The decision also clarifies the scope of Section 1.111(e) informal settlement agreements. Consultants and owners typically include multiple grounds for their property tax protests, and sometimes enter into a Section 1.111(e) informal settlement agreement on only one of those grounds. Then when the owner pursues the other protests, the CAD objects, claiming that the owner has waived the right to further relief under the Section 1.111(e) informal settlement agreement. This decision clarifies that informal settlement agreements must “relate” to the issues raised by a motion or protest.
Zeon Chemicals, L.P. was represented by appellate Counsel of Lee D. Winston of Michel Gray & Rogers LLP, and Laurie Ratliff of Laurie Ratliff LLC.
[1] Tex. Tax Code Ann. § 25.25(c)(1): “The appraisal review board, on motion of the chief appraiser or of a property owner, may direct by written order changes in the appraisal roll for any of the five preceding years to correct: [] clerical errors that affect a property owner’s liability for a tax imposed in that year[.]”
[2] Tex. Tax Code Ann. § 1.111(e): “An agreement between a property owner or the owner’s agent and the chief appraiser is final if the agreement relates to a matter: (1) which may be protested to the appraisal review board or on which a protest has been filed but not determined by the board; or (2) which may be corrected under Section 25.25 (Correction of Appraisal Roll) or on which a motion for correction under that section has been filed but not determined by the board.”
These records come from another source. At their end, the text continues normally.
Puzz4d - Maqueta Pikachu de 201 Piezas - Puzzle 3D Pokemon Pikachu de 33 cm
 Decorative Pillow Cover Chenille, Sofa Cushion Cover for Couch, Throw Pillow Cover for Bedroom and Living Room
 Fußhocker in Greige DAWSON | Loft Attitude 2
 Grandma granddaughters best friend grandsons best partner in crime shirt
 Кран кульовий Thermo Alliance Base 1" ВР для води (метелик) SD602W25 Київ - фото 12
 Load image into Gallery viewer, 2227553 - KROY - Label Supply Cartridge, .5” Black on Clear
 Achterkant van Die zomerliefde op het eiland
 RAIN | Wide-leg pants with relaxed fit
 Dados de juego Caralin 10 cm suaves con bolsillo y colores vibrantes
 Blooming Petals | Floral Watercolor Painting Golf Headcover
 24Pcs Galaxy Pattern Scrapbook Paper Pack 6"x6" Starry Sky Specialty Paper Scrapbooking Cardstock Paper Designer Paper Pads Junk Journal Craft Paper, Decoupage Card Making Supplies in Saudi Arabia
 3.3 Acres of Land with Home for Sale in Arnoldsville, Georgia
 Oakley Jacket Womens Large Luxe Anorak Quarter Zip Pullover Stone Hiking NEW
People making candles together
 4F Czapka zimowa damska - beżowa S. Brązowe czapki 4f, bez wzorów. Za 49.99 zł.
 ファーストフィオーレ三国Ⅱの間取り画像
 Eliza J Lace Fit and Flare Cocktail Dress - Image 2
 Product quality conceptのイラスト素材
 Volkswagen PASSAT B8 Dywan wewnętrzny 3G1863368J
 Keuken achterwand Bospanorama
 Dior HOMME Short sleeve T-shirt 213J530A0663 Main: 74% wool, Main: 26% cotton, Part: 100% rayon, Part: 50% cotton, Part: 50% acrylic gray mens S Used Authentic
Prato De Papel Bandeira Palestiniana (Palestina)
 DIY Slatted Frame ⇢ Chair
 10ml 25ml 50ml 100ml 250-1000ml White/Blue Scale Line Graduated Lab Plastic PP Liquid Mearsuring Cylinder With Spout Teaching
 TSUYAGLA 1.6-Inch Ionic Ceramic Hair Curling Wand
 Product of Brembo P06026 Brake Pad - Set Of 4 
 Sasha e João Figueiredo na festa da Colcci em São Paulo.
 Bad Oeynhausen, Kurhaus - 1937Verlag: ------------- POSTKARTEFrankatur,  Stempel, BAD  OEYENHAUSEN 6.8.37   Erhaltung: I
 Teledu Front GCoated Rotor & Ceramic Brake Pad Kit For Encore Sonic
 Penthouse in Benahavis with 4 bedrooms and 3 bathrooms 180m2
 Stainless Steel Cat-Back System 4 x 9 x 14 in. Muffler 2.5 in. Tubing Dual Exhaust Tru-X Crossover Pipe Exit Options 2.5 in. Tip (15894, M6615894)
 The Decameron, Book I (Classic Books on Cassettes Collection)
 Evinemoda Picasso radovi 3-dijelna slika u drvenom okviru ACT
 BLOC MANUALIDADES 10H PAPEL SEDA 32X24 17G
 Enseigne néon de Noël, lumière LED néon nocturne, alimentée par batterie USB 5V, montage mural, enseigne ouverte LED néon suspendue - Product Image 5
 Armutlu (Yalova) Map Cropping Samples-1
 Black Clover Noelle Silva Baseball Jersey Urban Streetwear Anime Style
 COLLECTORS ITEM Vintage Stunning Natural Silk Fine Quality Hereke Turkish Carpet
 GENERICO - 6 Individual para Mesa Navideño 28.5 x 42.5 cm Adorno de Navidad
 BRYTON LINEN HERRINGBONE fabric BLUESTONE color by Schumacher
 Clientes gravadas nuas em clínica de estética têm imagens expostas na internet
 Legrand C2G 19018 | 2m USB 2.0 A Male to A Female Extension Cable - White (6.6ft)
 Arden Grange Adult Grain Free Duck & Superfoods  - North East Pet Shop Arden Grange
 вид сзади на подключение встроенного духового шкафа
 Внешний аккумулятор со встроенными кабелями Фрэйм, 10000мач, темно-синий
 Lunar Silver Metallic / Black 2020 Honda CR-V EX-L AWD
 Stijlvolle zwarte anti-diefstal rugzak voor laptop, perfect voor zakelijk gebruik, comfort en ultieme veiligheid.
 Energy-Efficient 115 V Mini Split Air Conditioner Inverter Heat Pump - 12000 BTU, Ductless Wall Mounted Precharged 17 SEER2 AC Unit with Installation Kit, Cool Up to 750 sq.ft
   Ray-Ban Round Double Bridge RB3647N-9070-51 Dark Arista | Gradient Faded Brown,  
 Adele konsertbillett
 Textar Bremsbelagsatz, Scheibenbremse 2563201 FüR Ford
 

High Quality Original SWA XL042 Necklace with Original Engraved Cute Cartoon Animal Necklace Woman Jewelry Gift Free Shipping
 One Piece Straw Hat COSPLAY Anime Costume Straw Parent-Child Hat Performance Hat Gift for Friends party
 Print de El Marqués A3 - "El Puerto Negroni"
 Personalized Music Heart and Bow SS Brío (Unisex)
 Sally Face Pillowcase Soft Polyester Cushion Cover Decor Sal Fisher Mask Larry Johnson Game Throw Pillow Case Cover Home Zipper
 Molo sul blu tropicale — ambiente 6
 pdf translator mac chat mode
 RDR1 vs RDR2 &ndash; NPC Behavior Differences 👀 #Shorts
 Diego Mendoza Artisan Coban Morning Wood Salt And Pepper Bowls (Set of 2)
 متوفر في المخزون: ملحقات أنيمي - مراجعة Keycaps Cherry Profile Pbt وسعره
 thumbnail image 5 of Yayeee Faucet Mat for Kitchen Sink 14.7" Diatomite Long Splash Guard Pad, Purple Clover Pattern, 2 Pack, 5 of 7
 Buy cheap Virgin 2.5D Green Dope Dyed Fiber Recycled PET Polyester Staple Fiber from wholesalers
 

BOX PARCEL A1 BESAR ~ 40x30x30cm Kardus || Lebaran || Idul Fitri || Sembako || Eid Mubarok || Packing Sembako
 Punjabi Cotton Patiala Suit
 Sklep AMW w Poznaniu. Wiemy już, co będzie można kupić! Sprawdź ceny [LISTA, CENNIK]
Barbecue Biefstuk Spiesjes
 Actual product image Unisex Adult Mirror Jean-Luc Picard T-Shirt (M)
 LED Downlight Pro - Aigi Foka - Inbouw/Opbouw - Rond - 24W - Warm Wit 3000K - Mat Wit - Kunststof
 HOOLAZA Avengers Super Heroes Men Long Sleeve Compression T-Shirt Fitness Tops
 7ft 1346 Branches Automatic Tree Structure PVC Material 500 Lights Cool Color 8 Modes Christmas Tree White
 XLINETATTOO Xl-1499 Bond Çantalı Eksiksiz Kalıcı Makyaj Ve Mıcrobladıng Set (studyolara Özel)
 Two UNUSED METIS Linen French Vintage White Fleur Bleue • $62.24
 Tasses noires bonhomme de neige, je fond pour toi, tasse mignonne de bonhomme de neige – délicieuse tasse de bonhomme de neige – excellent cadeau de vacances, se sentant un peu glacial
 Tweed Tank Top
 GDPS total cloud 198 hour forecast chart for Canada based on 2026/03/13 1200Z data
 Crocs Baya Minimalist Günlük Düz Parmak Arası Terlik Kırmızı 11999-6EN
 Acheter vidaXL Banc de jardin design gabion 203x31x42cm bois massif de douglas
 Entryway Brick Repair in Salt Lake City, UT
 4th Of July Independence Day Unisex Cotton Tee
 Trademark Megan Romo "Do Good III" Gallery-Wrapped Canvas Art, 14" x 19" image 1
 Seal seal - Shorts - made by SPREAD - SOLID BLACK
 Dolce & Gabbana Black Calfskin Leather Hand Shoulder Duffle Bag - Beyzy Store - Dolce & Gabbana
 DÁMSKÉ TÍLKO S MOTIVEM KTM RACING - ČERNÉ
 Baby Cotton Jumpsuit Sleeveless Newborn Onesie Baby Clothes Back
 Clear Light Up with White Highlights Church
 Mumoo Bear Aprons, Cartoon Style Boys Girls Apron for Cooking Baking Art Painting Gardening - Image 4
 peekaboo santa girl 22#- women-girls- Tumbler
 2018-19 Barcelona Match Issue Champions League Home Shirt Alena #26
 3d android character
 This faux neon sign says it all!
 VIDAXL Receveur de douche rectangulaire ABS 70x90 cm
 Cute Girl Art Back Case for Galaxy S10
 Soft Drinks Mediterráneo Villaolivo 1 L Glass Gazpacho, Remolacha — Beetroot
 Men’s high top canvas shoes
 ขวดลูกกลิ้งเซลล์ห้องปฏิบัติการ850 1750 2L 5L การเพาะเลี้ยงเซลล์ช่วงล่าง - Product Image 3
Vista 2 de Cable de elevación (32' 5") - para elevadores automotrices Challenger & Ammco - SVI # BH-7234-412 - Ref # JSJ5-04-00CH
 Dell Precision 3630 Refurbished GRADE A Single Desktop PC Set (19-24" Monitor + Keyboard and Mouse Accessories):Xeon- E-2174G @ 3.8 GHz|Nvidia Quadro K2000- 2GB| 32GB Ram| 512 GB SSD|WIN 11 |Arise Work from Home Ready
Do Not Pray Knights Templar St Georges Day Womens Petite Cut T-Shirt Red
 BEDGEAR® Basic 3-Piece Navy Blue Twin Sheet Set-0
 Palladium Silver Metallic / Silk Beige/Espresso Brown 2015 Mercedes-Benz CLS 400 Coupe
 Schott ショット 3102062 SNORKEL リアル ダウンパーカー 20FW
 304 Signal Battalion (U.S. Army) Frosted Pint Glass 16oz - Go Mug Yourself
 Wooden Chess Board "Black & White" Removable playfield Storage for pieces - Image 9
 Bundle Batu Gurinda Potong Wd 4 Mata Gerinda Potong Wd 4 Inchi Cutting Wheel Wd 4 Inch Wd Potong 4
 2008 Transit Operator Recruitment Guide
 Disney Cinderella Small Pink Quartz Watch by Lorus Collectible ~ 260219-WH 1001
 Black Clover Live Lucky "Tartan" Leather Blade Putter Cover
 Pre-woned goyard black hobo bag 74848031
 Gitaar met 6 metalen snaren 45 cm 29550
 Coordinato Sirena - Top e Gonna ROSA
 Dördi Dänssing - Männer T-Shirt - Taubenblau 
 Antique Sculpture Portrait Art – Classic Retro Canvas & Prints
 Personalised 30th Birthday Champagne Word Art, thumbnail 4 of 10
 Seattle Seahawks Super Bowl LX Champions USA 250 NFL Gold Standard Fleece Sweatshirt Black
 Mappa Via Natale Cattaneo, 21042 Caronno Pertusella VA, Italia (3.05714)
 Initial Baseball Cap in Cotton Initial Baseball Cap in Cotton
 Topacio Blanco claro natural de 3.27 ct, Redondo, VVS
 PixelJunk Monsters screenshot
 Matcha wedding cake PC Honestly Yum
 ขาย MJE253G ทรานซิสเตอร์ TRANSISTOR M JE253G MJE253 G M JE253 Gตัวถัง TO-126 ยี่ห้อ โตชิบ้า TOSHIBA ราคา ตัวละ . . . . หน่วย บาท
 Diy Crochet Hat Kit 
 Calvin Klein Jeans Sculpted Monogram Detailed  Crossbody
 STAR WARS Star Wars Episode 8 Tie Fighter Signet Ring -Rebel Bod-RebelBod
[3] Tex. Tax Code Ann. § 25.25(c): “The appraisal review board, on motion of the chief appraiser or of a property owner, may direct by written order changes in the appraisal roll for any of the five preceding years to correct (1) clerical errors that affect a property owner’s liability for a tax imposed in that year; (2) multiple appraisals of a property in that tax year; (3) the inclusion of property that does not exist in the form or at the location described in the appraisal roll; or (4) an error in which property is shown as owned by a person who did not own the property on January 1 of that tax year.”
[4] Tex. Tax Code Ann. § 41.41(a): “A property owner is entitled to protest before the appraisal review board the following actions: (1) determination of the appraised value of the owner’s property or, in the case of land appraised as provided by Subchapter C, D, E, or H, Chapter 23 (Appraisal Methods and Procedures), determination of its appraised or market value; (2) unequal appraisal of the owner’s property; (3) inclusion of the owner’s property on the appraisal records; (4) denial to the property owner in whole or in part of a partial exemption; (5) determination that the owner’s land does not qualify for appraisal as provided by Subchapter C, D, E, or H, Chapter 23 (Appraisal Methods and Procedures); (6) identification of the taxing units in which the owner’s property is taxable in the case of the appraisal district’s appraisal roll; (7) determination that the property owner is the owner of property; (8) a determination that a change in use of land appraised under Subchapter C, D, E, or H, Chapter 23 (Appraisal Methods and Procedures), has occurred; or (9) any other action of the chief appraiser, appraisal district, or appraisal review board that applies to and adversely affects the property owner.”
[5] The deadline to file a protest pursuant to Section 41.41(a) of the Texas Property Tax Code is no later than May 15th or the 30th day after the date that notice to the property owner was delivered to the property owner as provided by Section 25.19 (Notice of Appraised Value), whichever is later. Tex. Tax Code Ann. § 41.44(a)(1).